JSON (JavaScript Object Notation) <http://json.org> is a subset of JavaScript
syntax (ECMA-262 3rd edition) used as a lightweight data interchange format.

`dirtyjson` is a JSON decoder meant for extracting JSON-type data from .js
files. The returned data structure includes information about line and column
numbers, so you can output more useful error messages. The input can also
include single quotes, line comments, inline comments, dangling commas,
unquoted single-word keys, and hexadecimal and octal numbers.

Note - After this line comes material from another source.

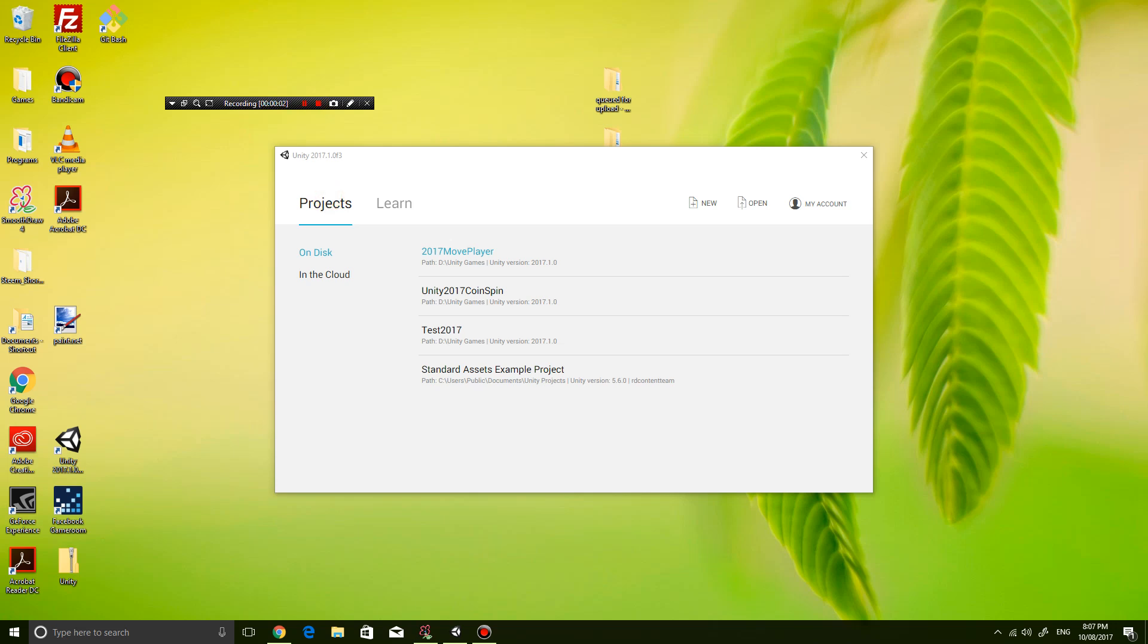Hey guys, it's Eddie the Magic Monk. Today I want to talk about how to get Unity 2017 to move a player around using the arrow keys.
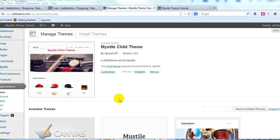Hey everyone, it's Adam with UploadWP.com and in this video I want to show you how to remove the top navigation for the Mystile theme. We're going to do it using a child theme.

The goal of `dirtyjson` is to read JSON objects out of files that are
littered with elements that do not fit the official JSON standard. By providing
line and column number contexts, a dirty JSON file can be used as source input
for a complex data parser or compiler.

`dirtyjson` exposes an API familiar to users of the standard library
`marshal` and `pickle` modules. However, `dirtyjson` provides
only the `load(s)` capability. To write JSON, use either the standard
`json` library or `simplejson`.

.. note::

   The code for `dirtyjson` is a fairly drastically rewritten version
   of the loader in `simplejson` so thanks go to Bob Ippolito of the
   `simplejson` project for providing such a nice starting point.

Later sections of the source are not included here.